It's easy to sketch the region given by the inequality $(x-ay)(x-by)<0$ where $a,b\in\mathbb{R}$. A cubic one would take a bit more work but doable nevertheless. But I was trying to find a general way to find the region given by $$(x-a_1y)(x-a_2y)(x-a_3y)\dots<0 \textrm{ where } a_i\in\mathbb{R}$$
To do this, we start by plotting the lines $x=a_iy$. This partitions the Cartesian plane into $2n$ sections where $n$ is the number of $(x-a_iy)$ factors in the inequality. After doing this a few times (on Mathematica), I have noticed the following:
Given that none of the factors are repeated, no two adjacent sections are in the region given by the inequality, producing a dartboard shape.

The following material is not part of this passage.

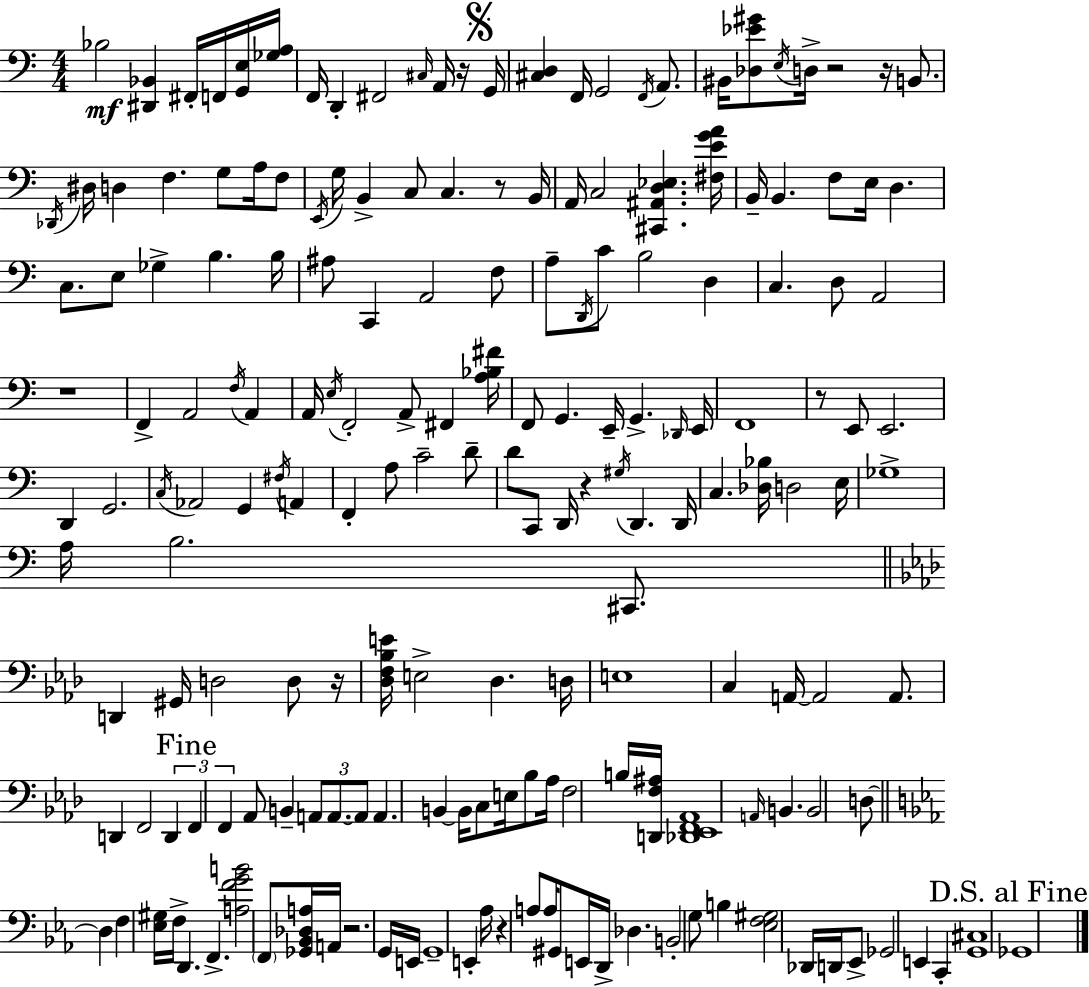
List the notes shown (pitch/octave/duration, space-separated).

Bb3/h [D#2,Bb2]/q F#2/s F2/s [G2,E3]/s [Gb3,A3]/s F2/s D2/q F#2/h C#3/s A2/s R/s G2/s [C#3,D3]/q F2/s G2/h F2/s A2/e. BIS2/s [Db3,Eb4,G#4]/e E3/s D3/s R/h R/s B2/e. Db2/s D#3/s D3/q F3/q. G3/e A3/s F3/e E2/s G3/s B2/q C3/e C3/q. R/e B2/s A2/s C3/h [C#2,A#2,D3,Eb3]/q. [F#3,E4,G4,A4]/s B2/s B2/q. F3/e E3/s D3/q. C3/e. E3/e Gb3/q B3/q. B3/s A#3/e C2/q A2/h F3/e A3/e D2/s C4/e B3/h D3/q C3/q. D3/e A2/h R/w F2/q A2/h F3/s A2/q A2/s E3/s F2/h A2/e F#2/q [A3,Bb3,F#4]/s F2/e G2/q. E2/s G2/q. Db2/s E2/s F2/w R/e E2/e E2/h. D2/q G2/h. C3/s Ab2/h G2/q F#3/s A2/q F2/q A3/e C4/h D4/e D4/e C2/e D2/s R/q G#3/s D2/q. D2/s C3/q. [Db3,Bb3]/s D3/h E3/s Gb3/w A3/s B3/h. C#2/e. D2/q G#2/s D3/h D3/e R/s [Db3,F3,Bb3,E4]/s E3/h Db3/q. D3/s E3/w C3/q A2/s A2/h A2/e. D2/q F2/h D2/q F2/q F2/q Ab2/e B2/q A2/e A2/e. A2/e A2/q. B2/q B2/s C3/e E3/s Bb3/e Ab3/s F3/h B3/s [D2,F3,A#3]/s [Db2,Eb2,F2,Ab2]/w A2/s B2/q. B2/h D3/e D3/q F3/q [Eb3,G#3]/s F3/s D2/q. F2/q. [A3,F4,G4,B4]/h F2/e [Gb2,Bb2,Db3,A3]/s A2/s R/h. G2/s E2/s G2/w E2/q Ab3/s R/q A3/e A3/s G#2/e E2/s D2/s Db3/q. B2/h G3/e B3/q [Eb3,F3,G#3]/h Db2/s D2/s Eb2/e Gb2/h E2/q C2/q [G2,C#3]/w Gb2/w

If one of the factors is repeated, like $(x-3y)^2$, then the two adjacent sections partitioned by this line, in this case $x=3y$, must either be both in the region or both not in the region.
Using the above rules, I could easily sketch the regions by testing one point inside a section, if it works in the inequality then that section is in the region. So now we can find the other sections by using those rules.

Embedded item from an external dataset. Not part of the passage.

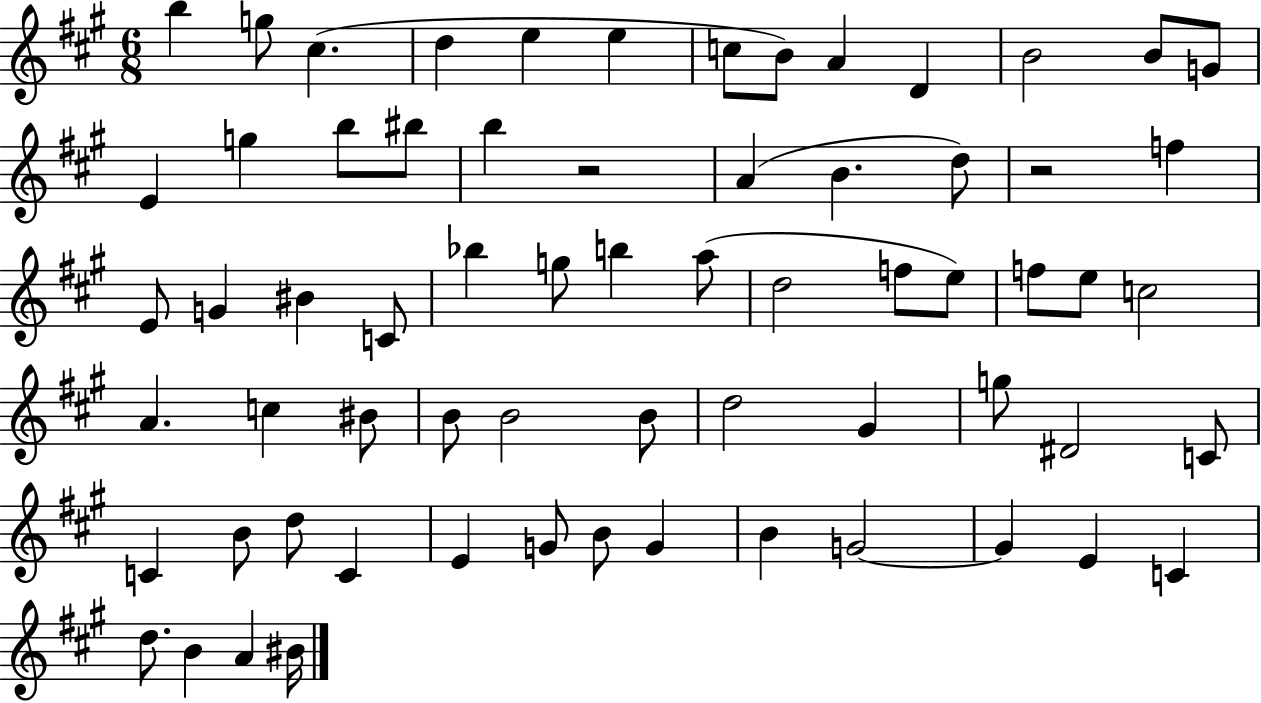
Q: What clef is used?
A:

However I have NOT proved those rules, and I'm not sure how would I even start the proof so for now I would just like to know if they are correct (this is my question). And if they are, can they be extended to inequality $[f_1(x)-y][f_2(x)-y]\dots<0$?
To prove that of dartboard rule, just take two points not in the lines, in adjacent regions. The sign of each parenthesis is the same for two, except for a single parenthesis. This means that one point is in the region and the other not.
The second rule is obvious since the repeated parenthesis does not change the sign of the product.
If you want to use formulas and equations, sort the slopes $a_1<a_2<\cdots <a_n$. For any point $(x,y)$ the quotient $\frac xy$ is between two of these slopes, or before the first, or after the last. Can you determine the sign of the product, given the interval where $\frac xy$ is?
I find your second question impossible to answer with no conditions about the functions. Even for relatively simple examples, like polynomials, the region can become very complicated.